RECORDS FOR THIS TASK START

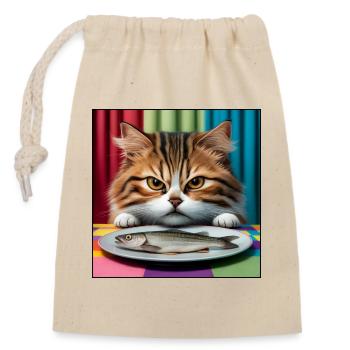 Cat with fish - Closable cotton gift bag (14x20cm) - nature - Front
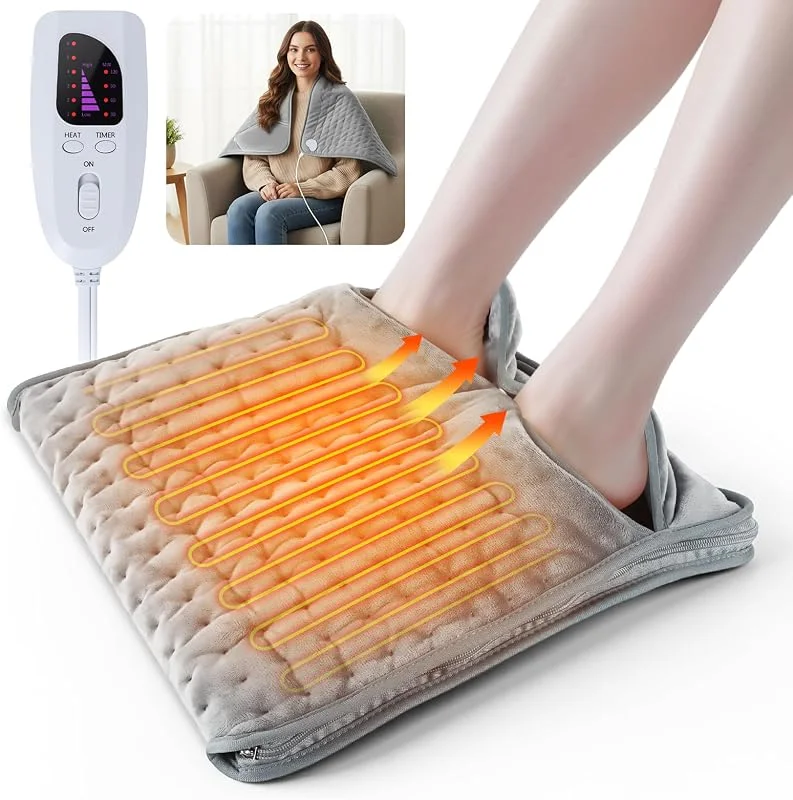 Qoosea Elektrischer Fußwärmer mit Reißverschluss 6-Temperaturstufen 4 Timer Überhitzungsschutz Maschinenwaschbarer Beheizter Fußsack aus Flanell für Büro & Zuhause Ideal bei Kalten Füßen & Arthritis — Heizung Warmepumpe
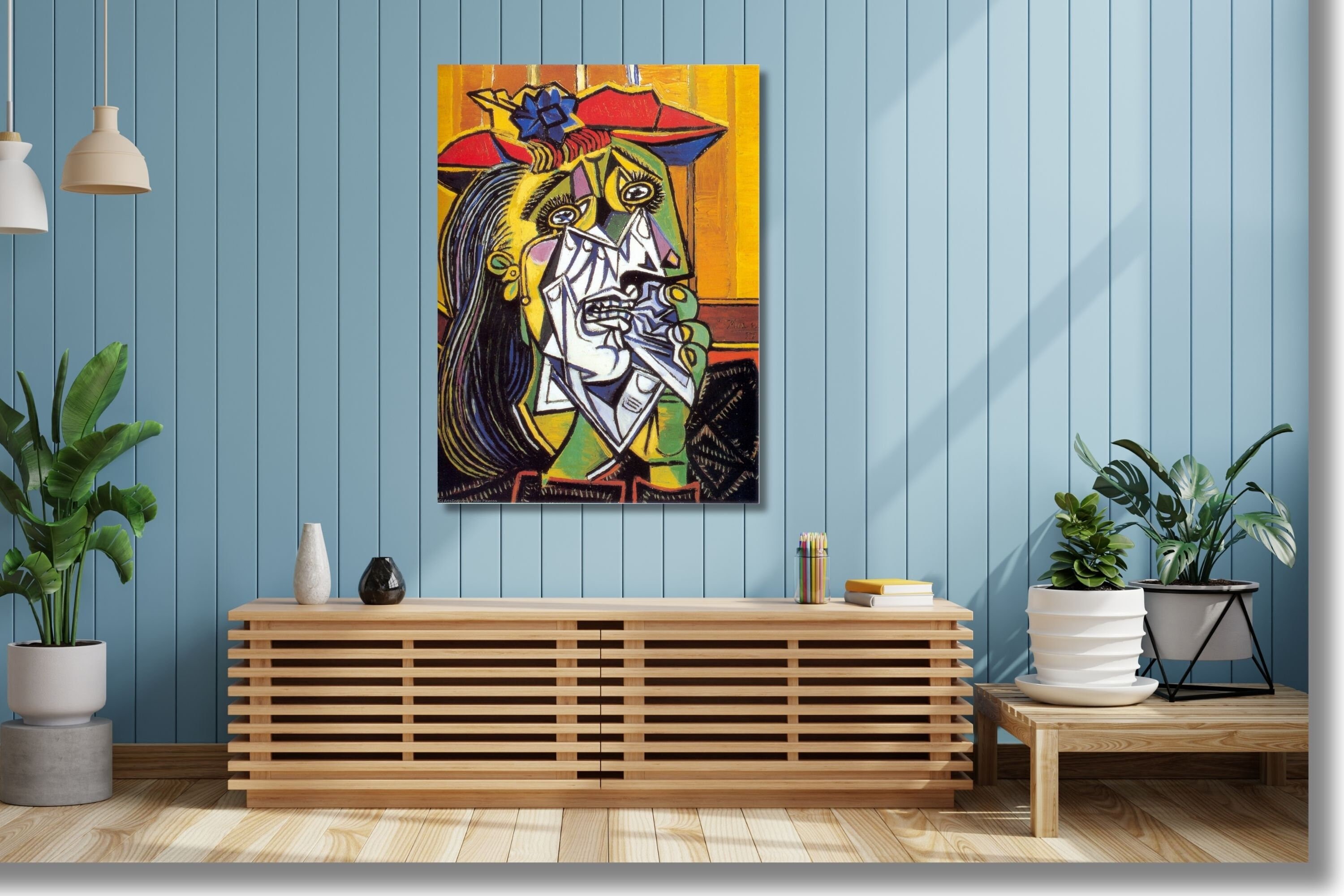 パブロ・ピカソ DORA MAAR 泣く女性、ピカソ展ポスター、プリント 額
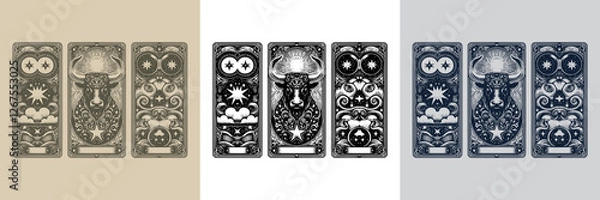 Obraz geometric bull vector playing card tattoo design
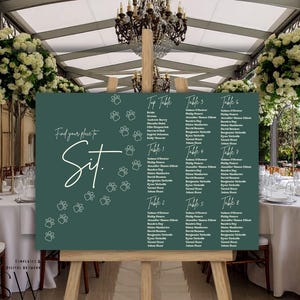 Wedding Seating Table Plan Sign Editable Template For Pet Lovers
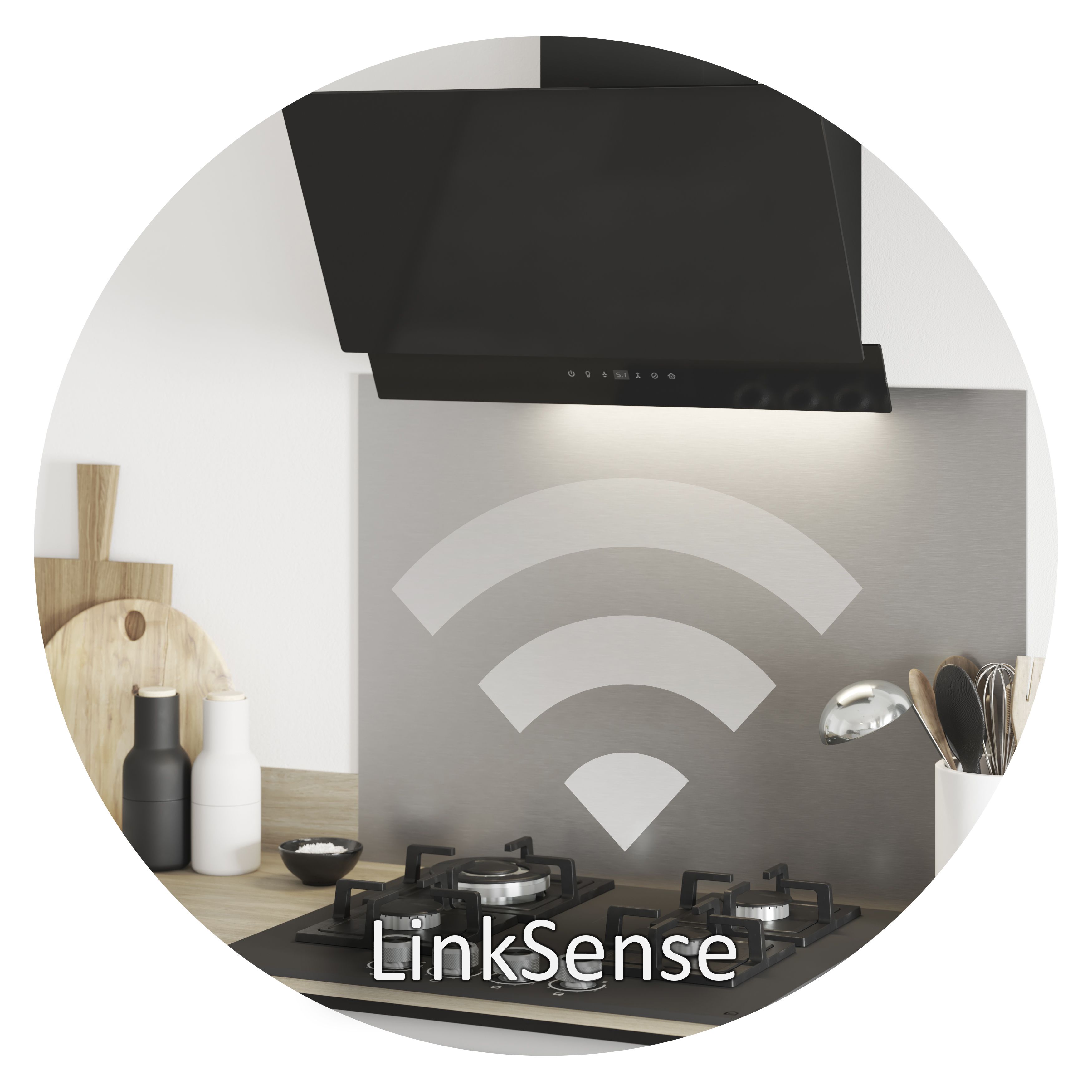 GoodHome LinkSense GHCH60LKBL Black steel & glass Chimney Cooker hood (W)59.8cm - Matt black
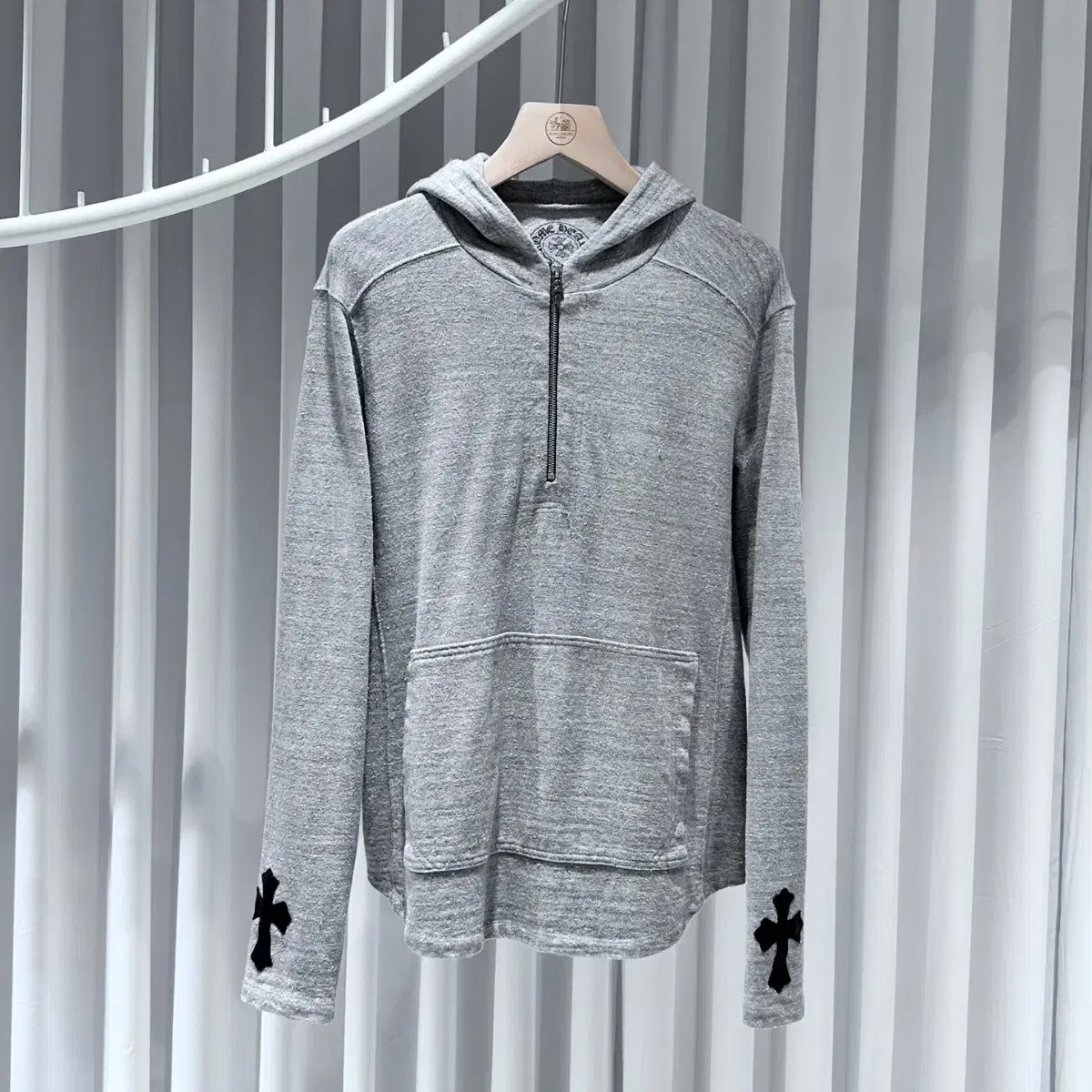 Chrome Hearts Leather Patch Dagger Hoodie Gray / S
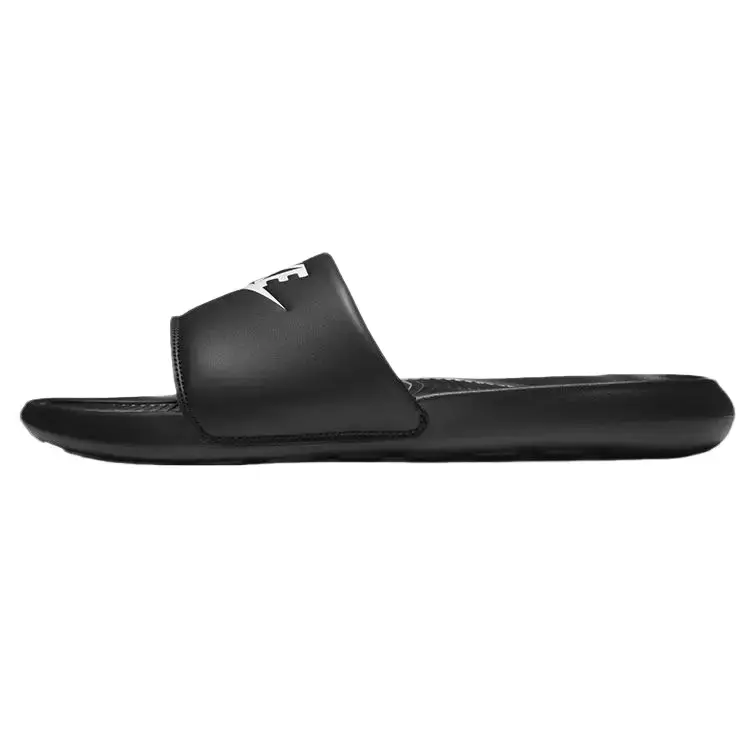 NIKE Victori 1 Men's Slide Shoe, Black White Sporty Slip-on with Soft, Contoured Footbed and Textured Rubber Flat Sole, Casual Wear, Padded Strap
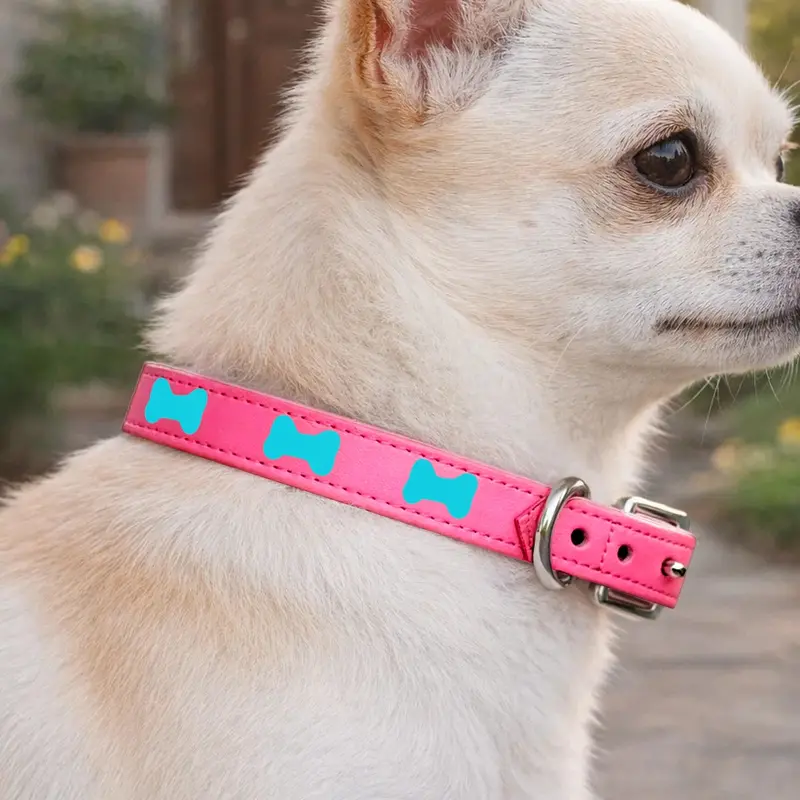 Collar Para Mascota, Vinil, Color Rosa Y Azul 1
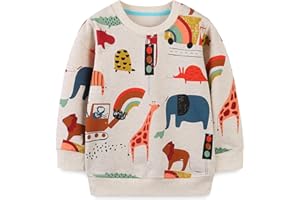 LANGUBABY Kinder Jungen Sweatshirt Weihnachten Cartoon Pullover Langarm Baumwolle Top Größe 92-122, 1-7 Jahre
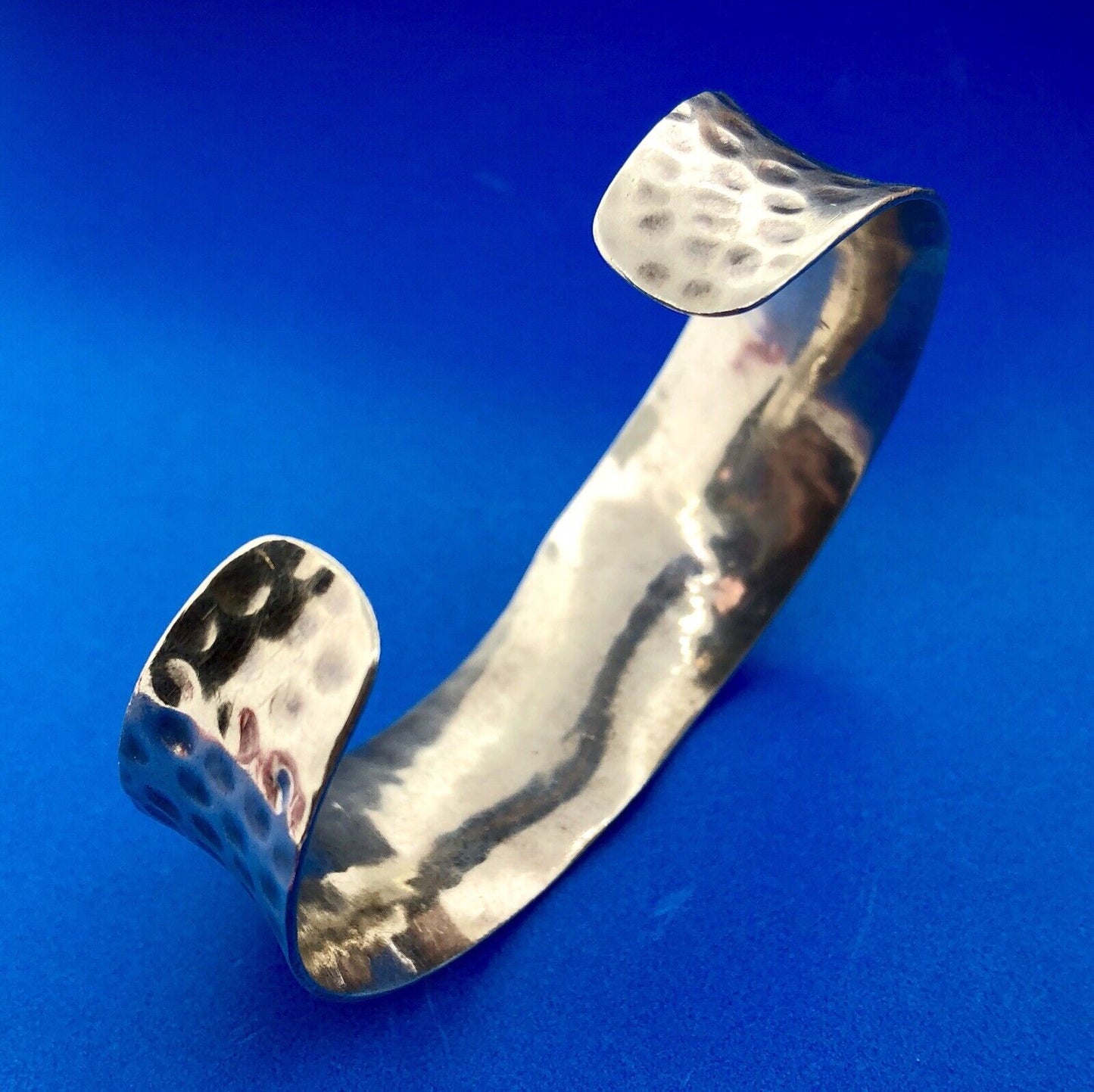 Vintage Mexico Taxco TC 138 Sterling Silver 925 Hammered Wave Cuff Bracelet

RECORDS FOR THIS TASK END

[WORK REQUEST]: Your task is to set down every entry exactly, leaving out any picture it contains.

[RESULT FOR THIS EXERCISE]:
 Cat with fish - Closable cotton gift bag (14x20cm) - nature - Front
 Qoosea Elektrischer Fußwärmer mit Reißverschluss 6-Temperaturstufen 4 Timer Überhitzungsschutz Maschinenwaschbarer Beheizter Fußsack aus Flanell für Büro & Zuhause Ideal bei Kalten Füßen & Arthritis — Heizung Warmepumpe
 パブロ・ピカソ DORA MAAR 泣く女性、ピカソ展ポスター、プリント 額
 Obraz geometric bull vector playing card tattoo design
 Wedding Seating Table Plan Sign Editable Template For Pet Lovers
 GoodHome LinkSense GHCH60LKBL Black steel & glass Chimney Cooker hood (W)59.8cm - Matt black
 Chrome Hearts Leather Patch Dagger Hoodie Gray / S
 NIKE Victori 1 Men's Slide Shoe, Black White Sporty Slip-on with Soft, Contoured Footbed and Textured Rubber Flat Sole, Casual Wear, Padded Strap
 Collar Para Mascota, Vinil, Color Rosa Y Azul 1
 LANGUBABY Kinder Jungen Sweatshirt Weihnachten Cartoon Pullover Langarm Baumwolle Top Größe 92-122, 1-7 Jahre
 Vintage Mexico Taxco TC 138 Sterling Silver 925 Hammered Wave Cuff Bracelet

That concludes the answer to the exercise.